What hope does Jesus offer when it seems you can’t stop watching porn, can’t stop taking that drink, can’t stop eating, can’t stop purging, can’t stop cutting, or scrolling?
Jesus offers freedom, and the faith to believe it’s possible.
Jesus never used shame to bring people home.
Shame is a pervasive sense of unworthiness, even self-hatred. But Jesus never once used someone’s shame to bring them home, even the tyrant tax collector Zacchaeus. Jesus deals with us in our weakness with the sort of gentleness that keeps a barely glowing wick aflame (Isaiah 42:3). Jesus traffics in kindness, not shame. (Romans 2:4) Jesus arrives on the scene precisely when we are at our worst to say “I love you” with proof in hand. (Romans 5.8)

Nothing is more painful than stepping into the light. It’s true, Jesus never repented, simply because he had nothing to repent for. Yet — and that’s a big yet — He paved the path out of sin & addiction, the path of repentance and faith. Hebrews gives Jesus the title, “pioneer of faith”. (Hebrews 12.2) His faith is the faith for tired sinners like you and me. Jesus began his ministry identifying with sinners at his baptism, though he wasn’t one, went to the cross where he suffered as one, and now lives to rescue sinners. (Matthew 3.11, 2 Corinthians 5.20, Hebrews 7.25) He knows the pain and sorrow of sin — not his own, but yours and mine. This simple fact should encourage us that the pain of stepping into the light is something Jesus himself can empathize with. Jesus is not impatiently waiting for you to “get it”, instead he’s coming to you to show you the way out. Do you trust him to step onto the path he forged?
Jesus isn’t going anywhere. He‘s here for all of it.
In one simple moment of repentance and faith, our entire destiny is secured and changed. We move from death to life, in an instant. Yet the road home is long. “The way is narrow” and “I am with you always” says Jesus.
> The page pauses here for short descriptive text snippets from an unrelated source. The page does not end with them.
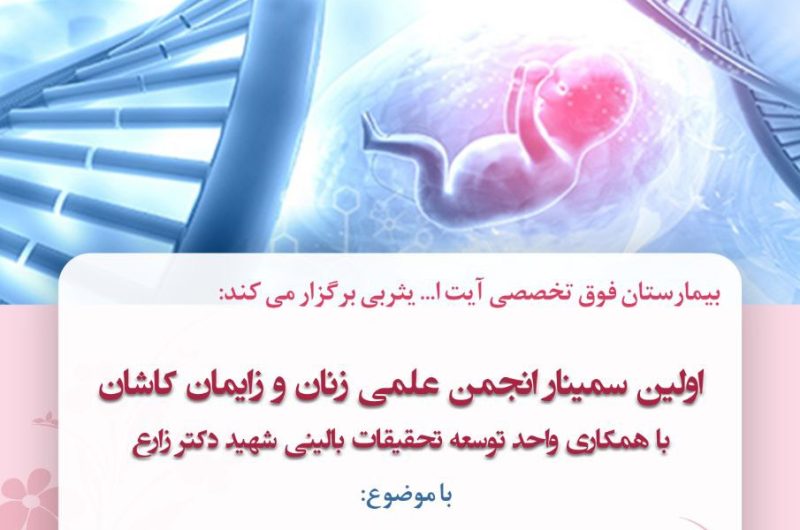 برگزاری جلسه علمی انجمن زنان و زایمان
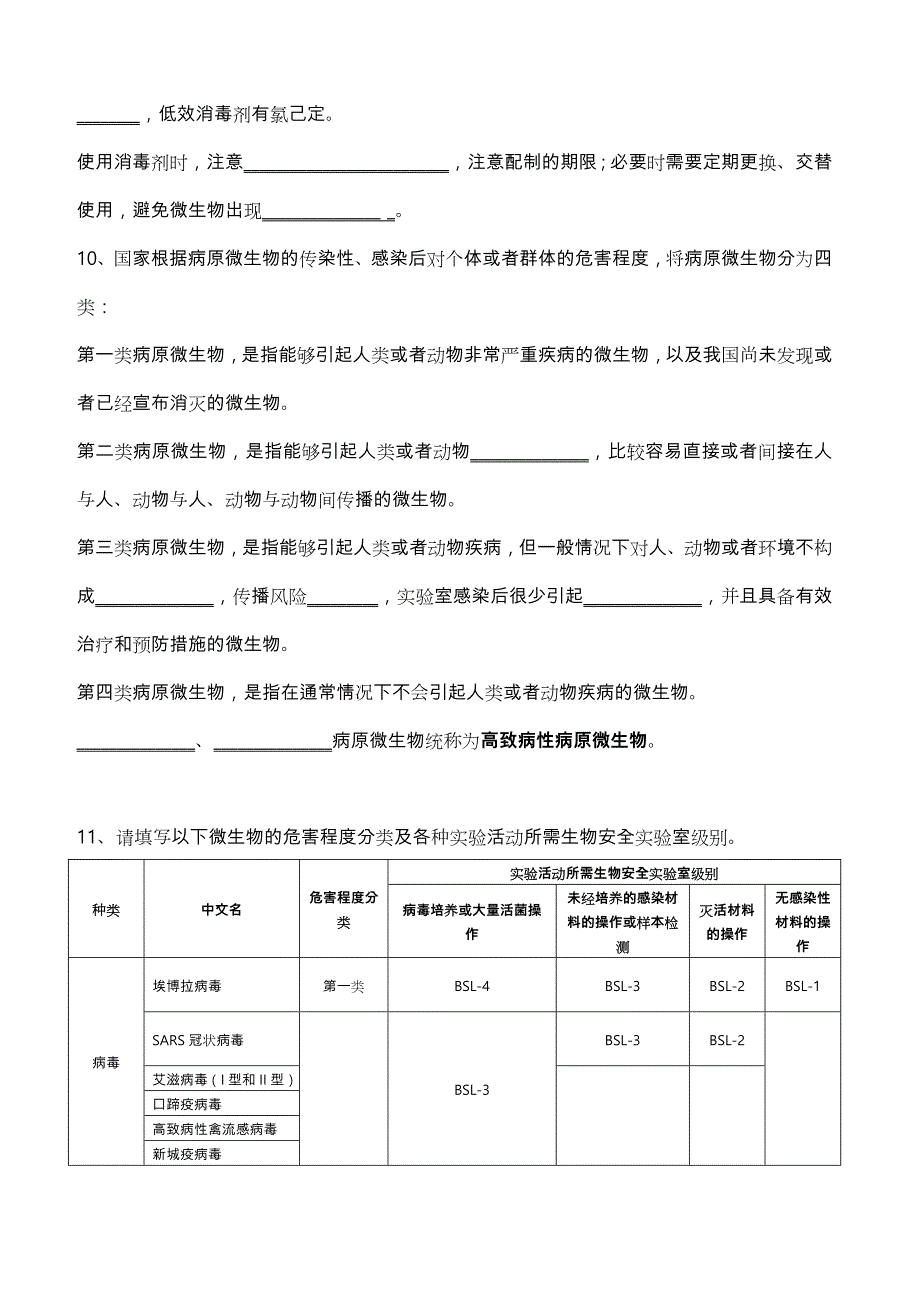 生物安全试题和答案.doc_第3页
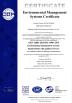 Zhejiang Good Choice Nonwoven Fabrics Co., Ltd. Certifications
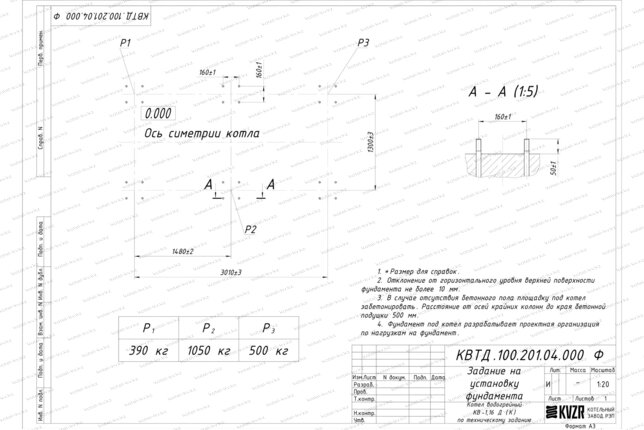 Чертеж фундамента котла на дровах 1160 кВт с колосниками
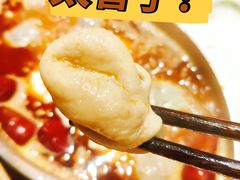 -四喜小胖·北京涮肉(五道营店)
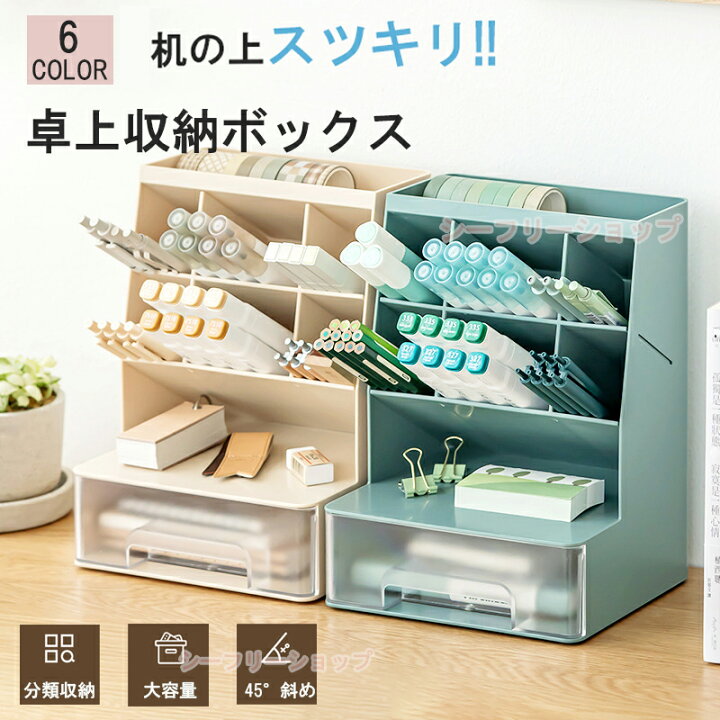 デスクオーガナイザー 3段引き出し 文房具収納ケース 卓上 小物入れ引き出し 書（デスクオーガナイザー 3段引き出し 文房具収納ケース 卓上 小物入れ  引き出し 書類ケース ペン立て 組立不要 大容量 整理整頓 デスク周り の通販はau PAY マーケット - Ｅ４Ｌｉｆｅ | au ... 卓上文具収納ボックス デスクオーガナイザー ペン立て 金属メッシュ 小物入れ 引き出し デスク 収納 整理 卓上収納 文具収納 オフ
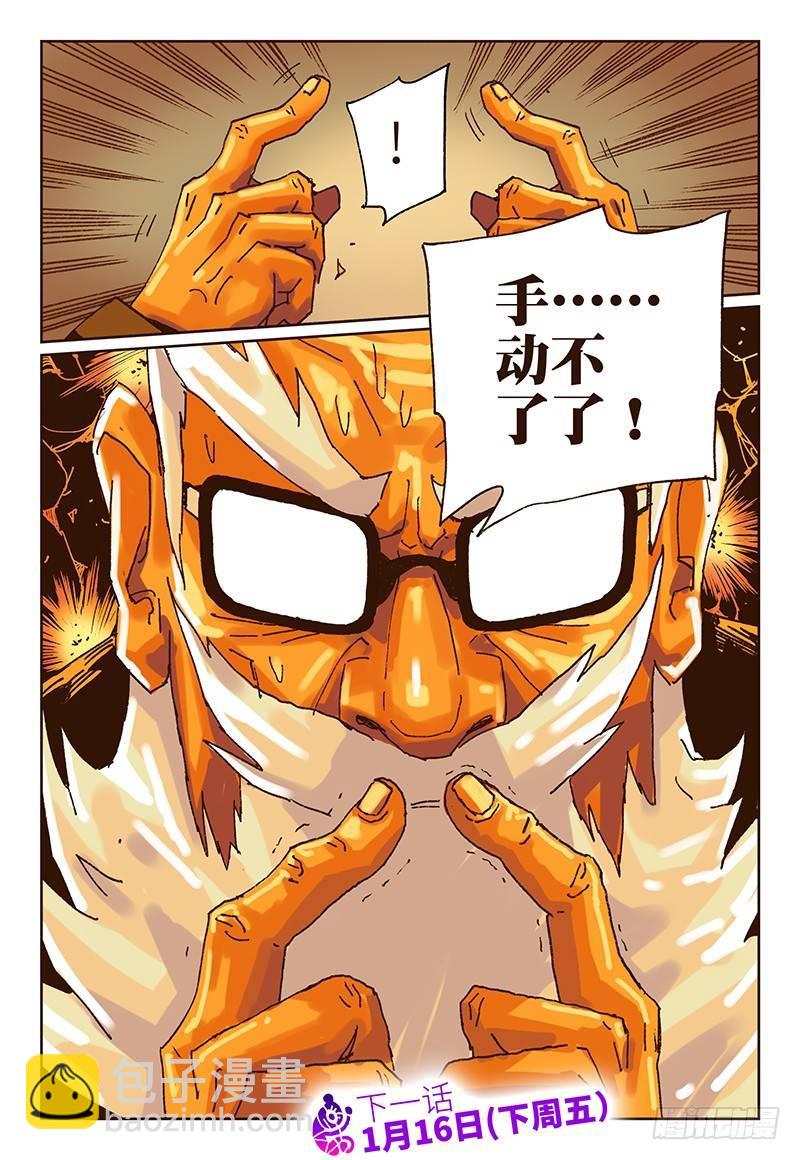 第二十话7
Addiction presents a complex array of interplaying systems — from our brains to our bodies — and yet Jesus is over all of it. His kingdom spans galaxies, quantum particles, and everything in between — including the long road of recovery. Many turn back from Jesus because they never heard “many are the afflictions of the righteous, but the Lord delivers them from them all” (Psalm 34.19) As a pastor, I can’t share all the ways addiction shapes our synapses, but I do know what Jesus speaks to our souls everyday on the way home:
Come to me all who are weary and heaven laden, and I will give you rest. Take my yoke upon you, and learn from me, for my yoke is easy, and my burden is light, and you fill find rest for your souls.